Work required:
Would you print the lines below exactly, beginning at the line that has "icona dipinta a" and stopping after the line that has "Dark Skull Star Print Hoodie"? Only those lines, and no pictures.

Records for this exercise:
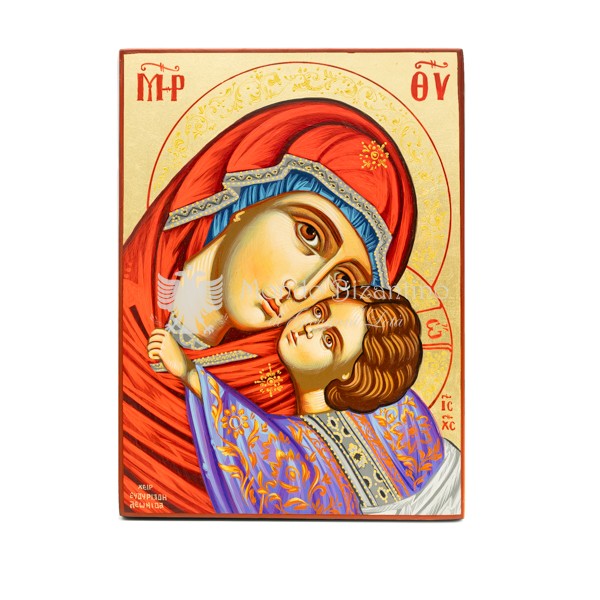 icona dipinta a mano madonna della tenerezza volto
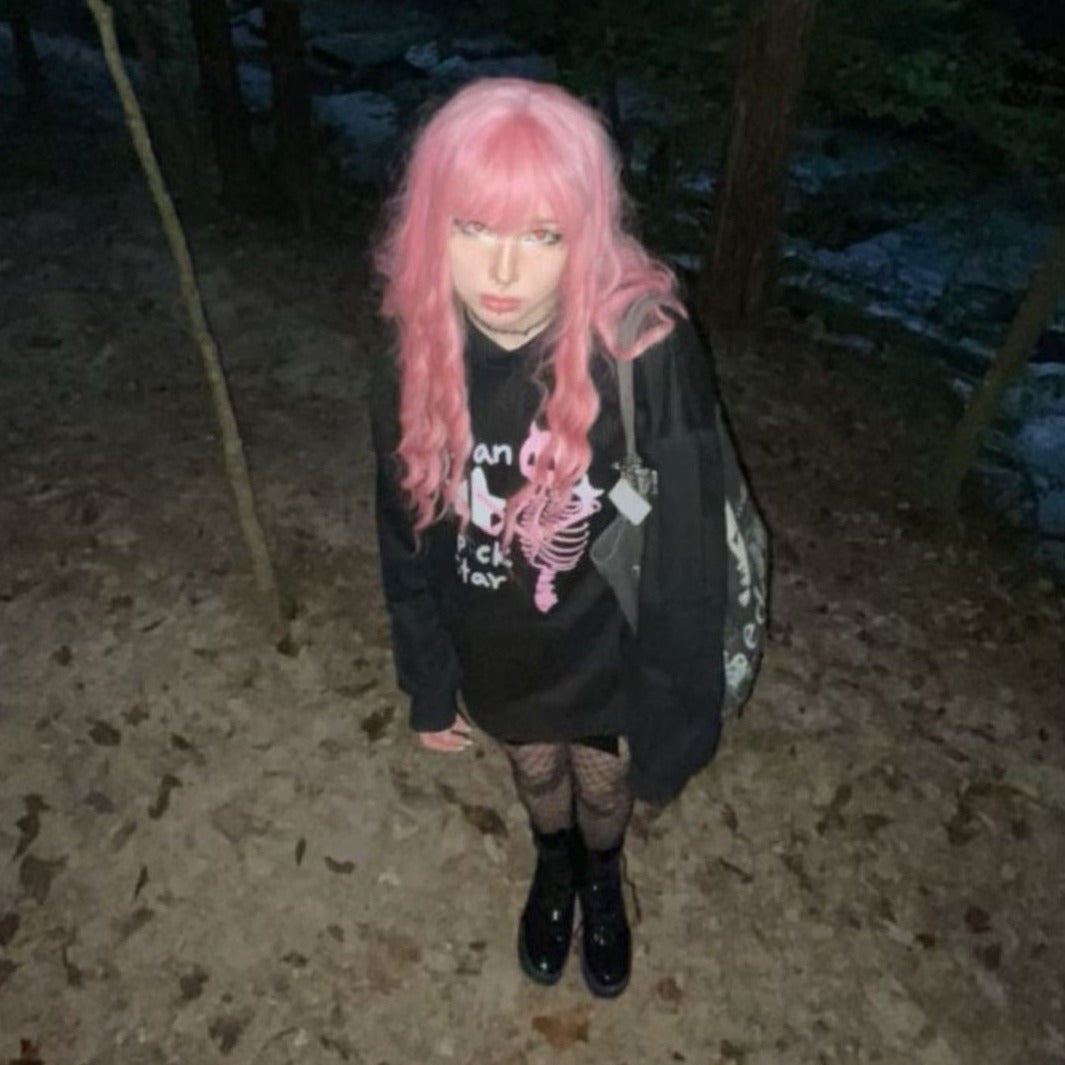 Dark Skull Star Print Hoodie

--

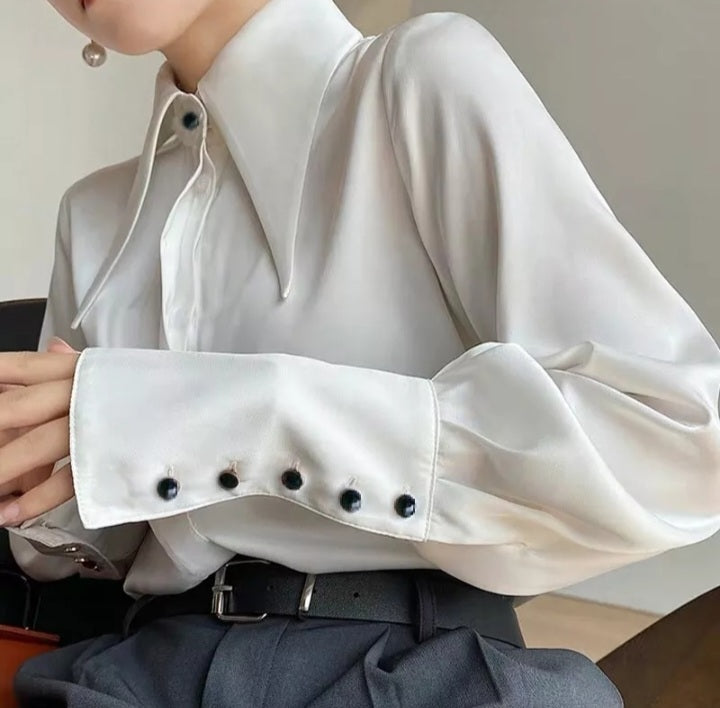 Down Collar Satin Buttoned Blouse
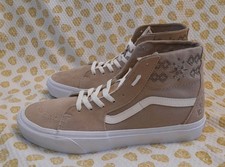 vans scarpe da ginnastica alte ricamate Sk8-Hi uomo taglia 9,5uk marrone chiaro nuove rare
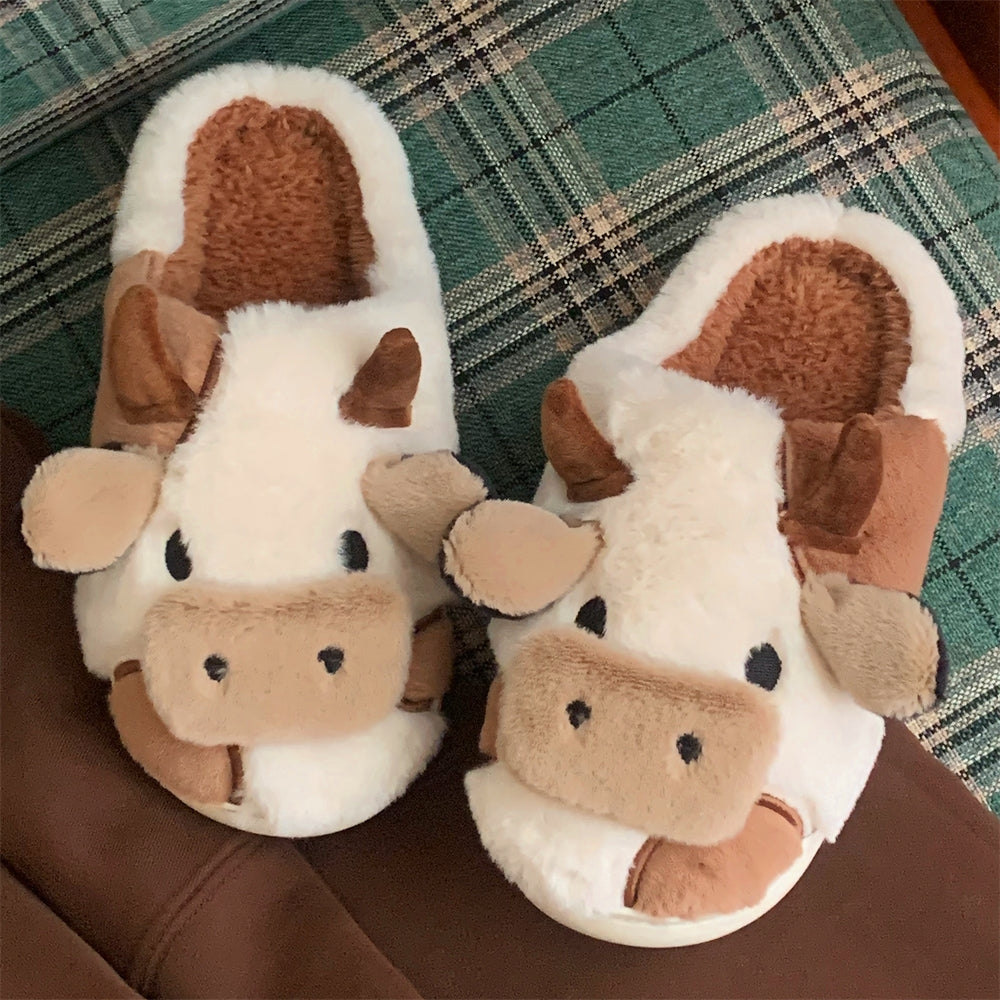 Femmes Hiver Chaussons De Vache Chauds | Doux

* * *

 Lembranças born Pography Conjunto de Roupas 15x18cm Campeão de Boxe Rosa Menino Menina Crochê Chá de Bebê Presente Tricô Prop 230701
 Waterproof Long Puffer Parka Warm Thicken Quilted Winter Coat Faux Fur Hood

Exercise result:
 icona dipinta a mano madonna della tenerezza volto
 Dark Skull Star Print Hoodie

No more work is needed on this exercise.